Specifically, the Commission had not shown that Google's contracts with publishers had been likely to deter innovation, help the company maintain its dominant position and harm consumers as a result. Despite upholding most of the EU's findings, this factor meant that it could not conclude that Google breached competition rules.

Chronology of events

In 2019, the Commission fined Google for imposing restrictive contracts on third-party websites using its AdSense platform, preventing them from displaying competitors' ads alongside Google search results and stifling competition between 2006 and 2016. This was initially triggered by a complaint from Microsoft.

According to Bloomberg, Google has appealed the fine, saying the Commission was guilty of “material errors of analysis” at a hearing in 2022. This is the third major EU antitrust penalty imposed against the Alphabet-owned company in the past decade, following earlier fines related to Android and Google Shopping.

Google spokesman Jay Stoll said today that the company changed its contracts in 2016 to remove the relevant provisions, prior to the Commission's decision, and that the case only affected a narrow subset of text-only search ads placed on a limited number of publisher websites.

“We are pleased that the court has acknowledged errors in the original decision and quashed the fine,” he told Reuters.

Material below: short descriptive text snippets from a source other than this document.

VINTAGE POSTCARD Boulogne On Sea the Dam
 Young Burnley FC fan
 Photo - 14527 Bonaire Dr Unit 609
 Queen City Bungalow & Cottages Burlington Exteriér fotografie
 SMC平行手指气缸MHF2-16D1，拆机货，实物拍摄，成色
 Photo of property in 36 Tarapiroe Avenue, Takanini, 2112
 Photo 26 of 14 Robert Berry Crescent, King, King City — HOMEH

The EU can appeal the General Court's decision, but it would have to do so on points of law before the bloc's highest court, the Court of Justice. It may well do so, given that the General Court agreed with many of its findings and, last week, it won two other legal battles:

The Commission fined Google €4.34 billion for abusing its dominance by pre-installing Google Search on Android devices in 2018, but has since appealed to the European Court of Justice.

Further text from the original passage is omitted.